Durante un dibattito radiofonico sul nascente governo Draghi e la sua reclamizzata “svolta ecologista”, il conduttore si è compiaciuto della convergenza di posizioni fra un alto esponente di Confindustria, titolare di un’azienda del ramo automobilistico, e il rappresentante di un’associazione ambientalista, reduce dalle formali consultazioni con il presidente del consiglio incaricato. “L’industriale e l’ambientalista dicono le stesse cose”, ha detto con un certo giubilo il conduttore, mentre bollava di “radicalismo che impedisce di fare le cose” quanto detto da Greta Thunberg al recente Forum economico di Davos, pensatoio dei potenti del nostro tempo.

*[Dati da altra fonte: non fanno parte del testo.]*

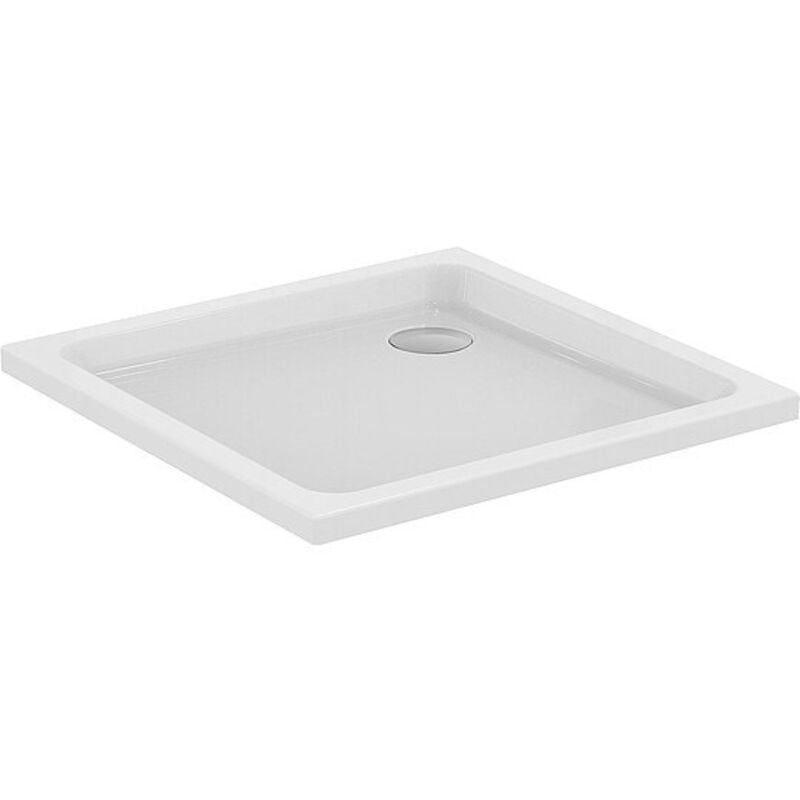 Duschwanne Ideal Standard Hotline Quadrat 900 x 80 x 900 mm, Acryl, weiß - K276701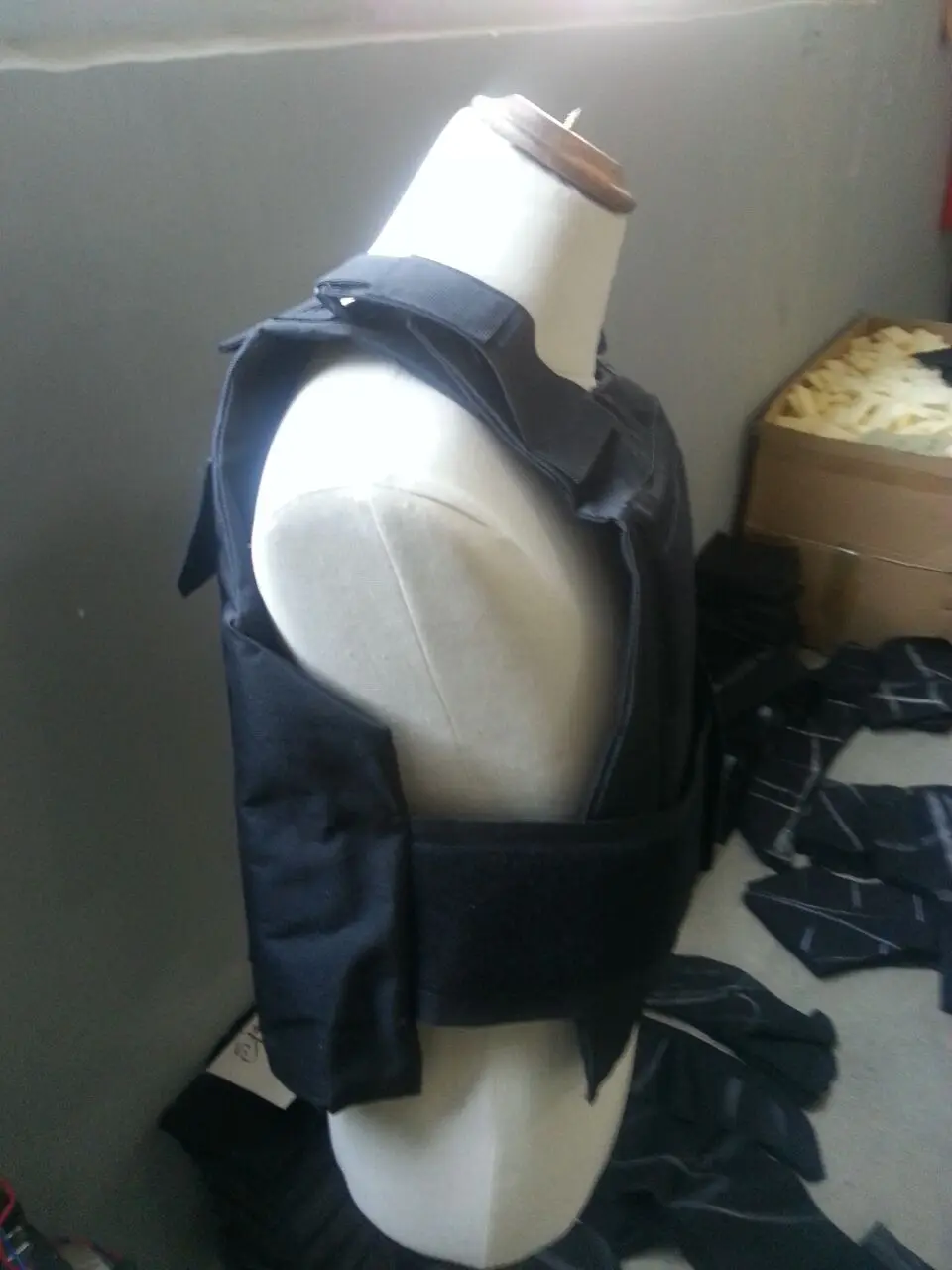 JIANDUN Defense Law Enforcement Guarder Combat ballistic Tactical Vest Black Hawk Tactical Vest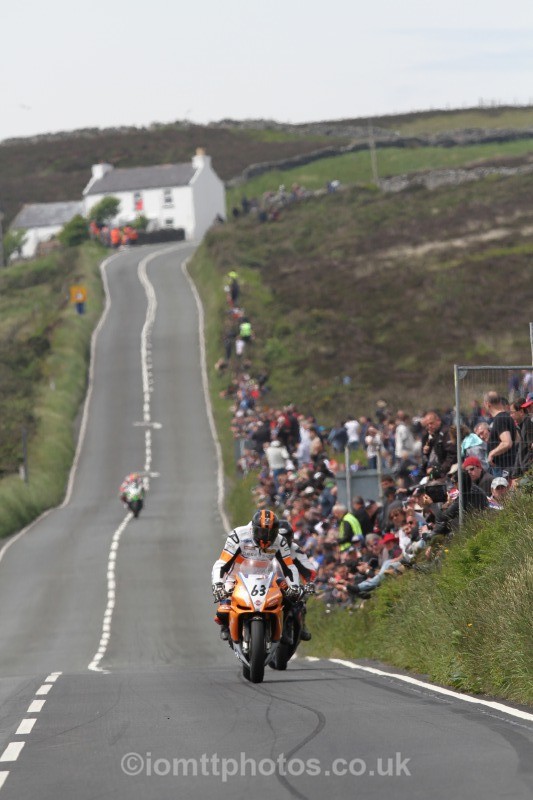David Hewson Aprilia / Obsession Engineering - Pokerstars Senior TT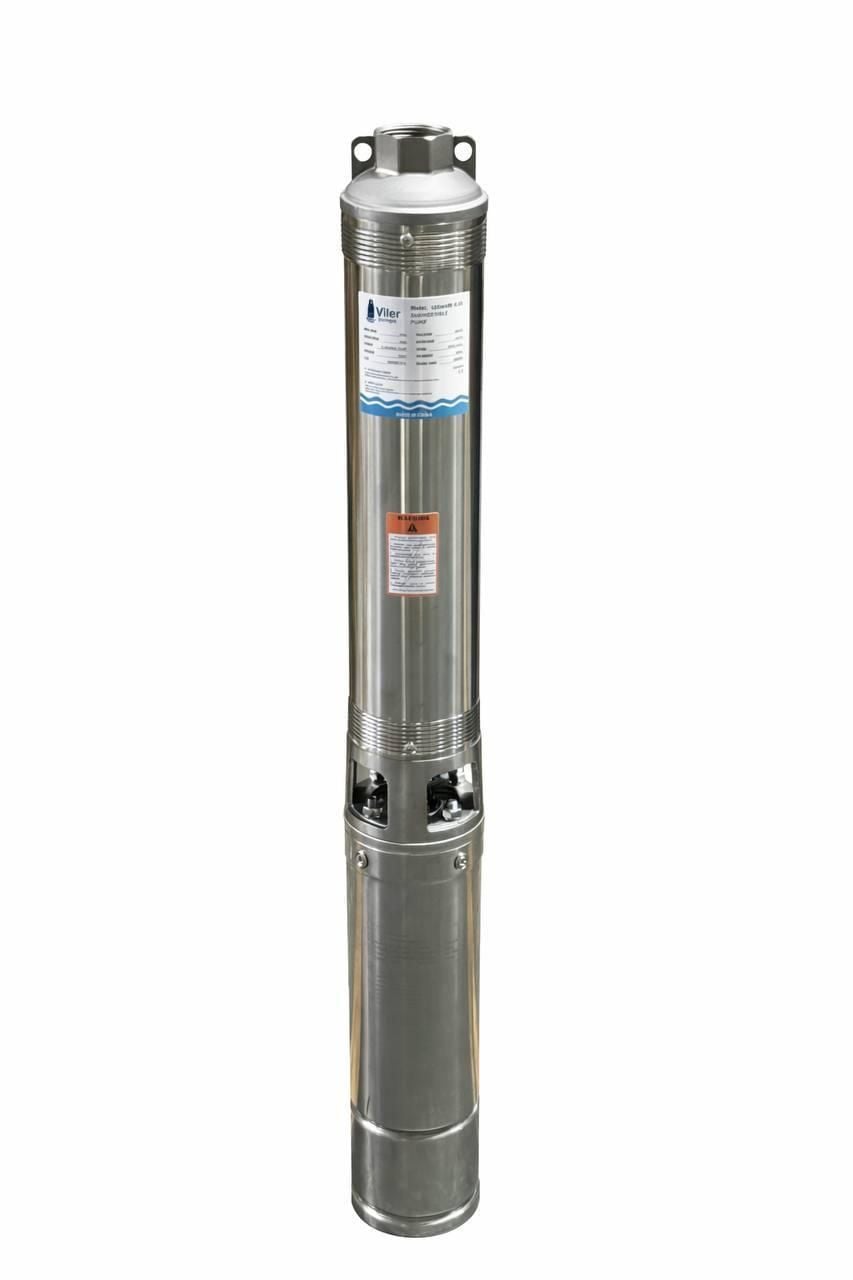 Viler 4SRM414 Motorlu Dalgıç Pompa 1,5 HP - 93 metre
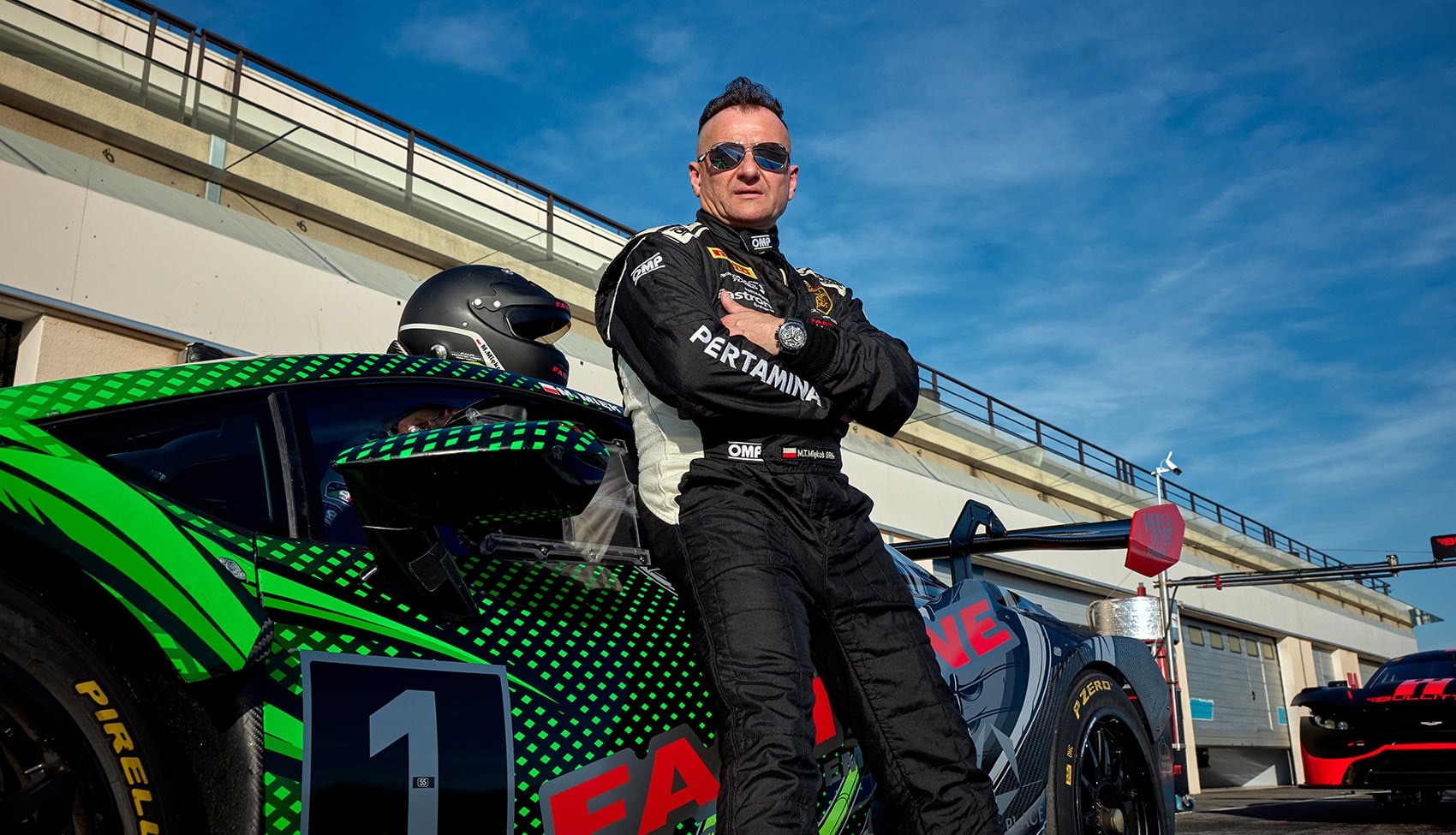 Mariusz Miękoś - założyciel Fastline Racing Academy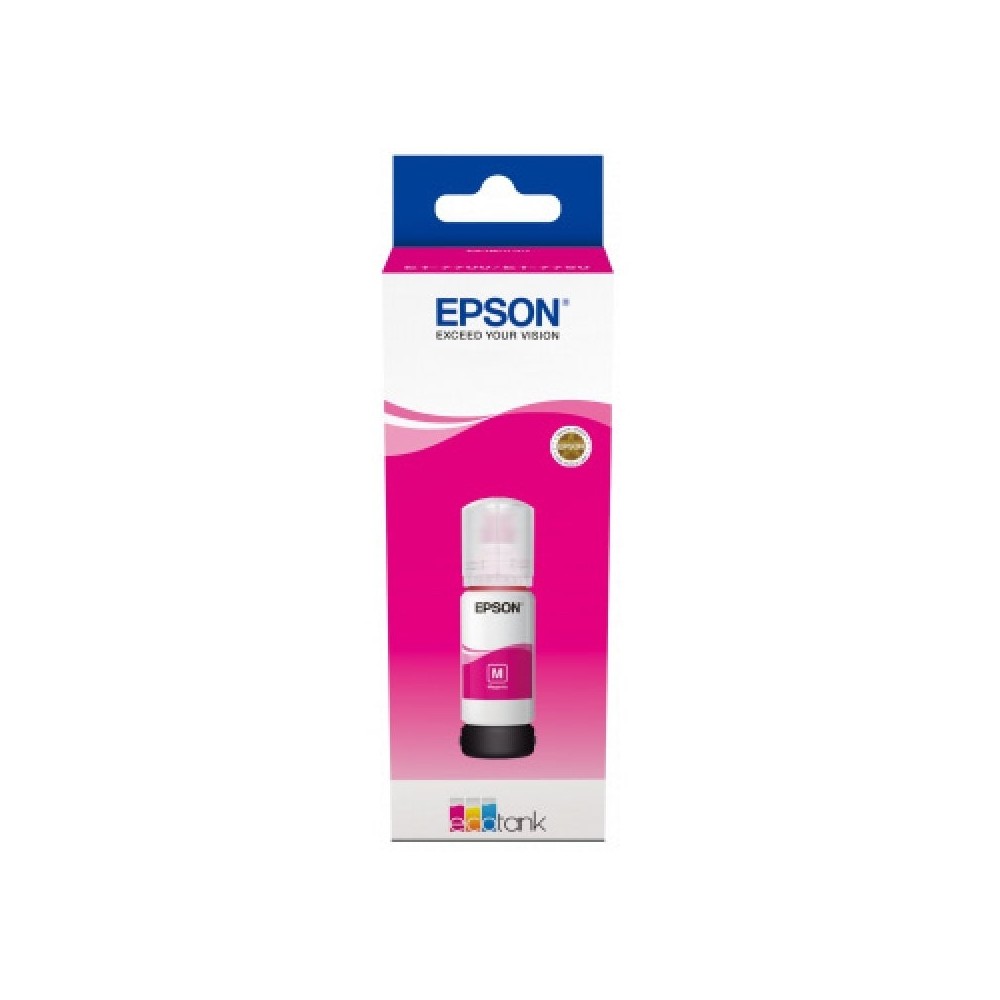 Epson botella tinta ecotank 103 magenta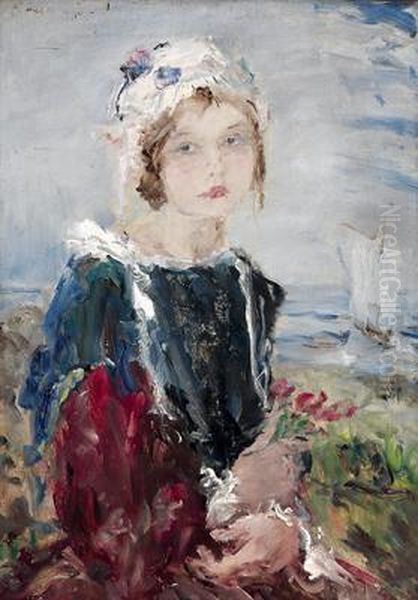 Junge Frau In Tracht - view 1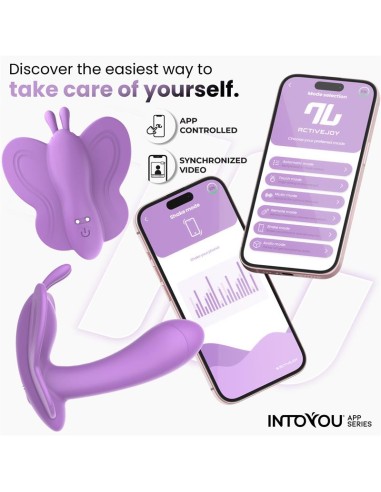 Wingy Estimulador Mariposa con APP Lavanda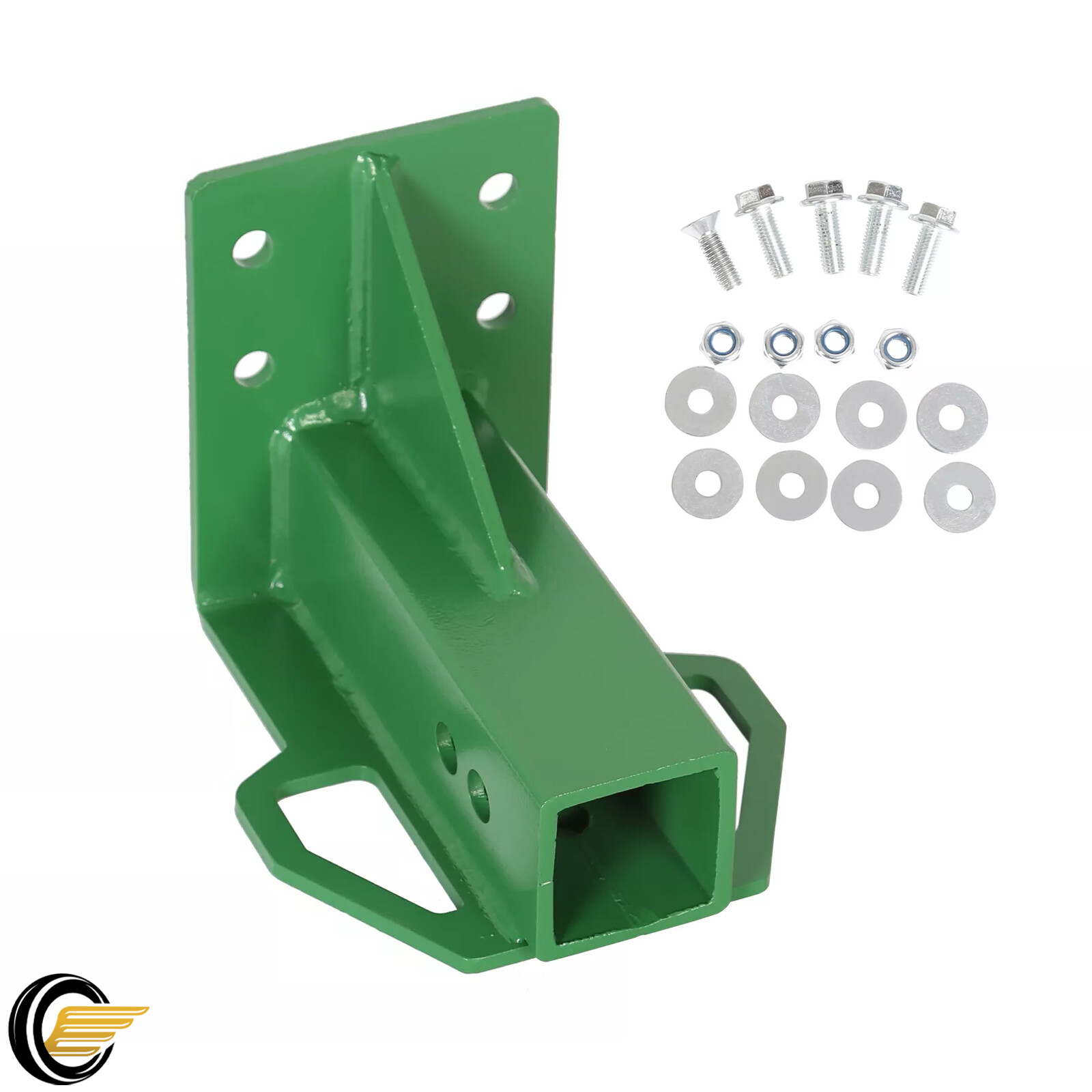 Rear Trailer Hitch Receiver For John Deere Gator 4x2 6x4 Old Style w/hardware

Di che hanno parlato l’industriale e l’ambientalista? Qual è stato il punto di convergenza? Non è difficile immaginarlo: il concetto di “sviluppo sostenibile”, ormai in uso dappertutto, dai quotidiani del mattino ai talk show della sera, dalle piazze finanziarie ai commenti degli “esperti” chiamati a giudicare le prime mosse politiche del banchiere divenuto leader politico. L’industriale ha parlato di sviluppo sostenibile come sinonimo di crescita (“senza la quale non andiamo da nessuna parte”, ha detto) e ha replicato a chi ipotizzava la necessità di una migliore distribuzione della ricchezza con un’osservazione ripetuta fino alla noia da quasi tutti gli economisti e gli imprenditori negli ultimi trenta o quarant’anni: “Prima la ricchezza va prodotta”. L’ambientalista non ha obiettato alcunché, ma si è soffermato sulla necessità di agire presto affinché l’Italia e le sue imprese non perdano la sfida internazionale con le aziende e i progetti già in corso.
Alcune domande retoriche
Dobbiamo
davvero compiacerci per tanto entusiasmo e tale convergenza? O è lecito avanzare delle perplessità? Proviamo
a ragionare.
Intanto, il
concetto di sviluppo sostenibile.
Il dubbio è che si tratti di un
ossimoro. L’idea di sviluppo che ereditiamo dal passato è quella che ha
generato il disastro che ci circonda: un pianeta esausto e già al collasso; una
pandemia originata da un eccesso di produzioni e disboscamenti; l’orizzonte
dell’estinzione di specie. È davvero sufficiente mettere un aggettivo accanto
al sostantivo per
abbandonare il sovraconsumo di risorse non rinnovabili, arrestare
l’innalzamento della temperatura terrestre, combattere l’inquinamento, bloccare
la deforestazione e prevenire nuove pandemie e via elencando? In altre parole
(e altre domande): qual è la prospettiva dello “sviluppo sostenibile” nel post
pandemia, ammesso che ci sia davvero un post pandemia? Comprende o no, per
esempio, la piena ripresa degli spostamenti aerei? E il consumismo, così
radicato nel mondo detto non a caso “sviluppato”, ne fa ancora parte? Le auto
“ecologiche” potranno essere prodotte e vendute in numero illimitato? E gli allevamenti intensivi di animali da latte
e da cerne saranno anch’essi “sostenibili”? Sono solo alcune
domande retoriche fra le tante possibili ma servono a suggerire un dubbio, cioè
che la svolta da compiere non sia verso un mitico “sviluppo sostenibile”, nel
quale la crescita dei consumi resta l’obiettivo di fondo ma sarebbe magicamente
compensata da un altro sviluppo, quello tecnologico.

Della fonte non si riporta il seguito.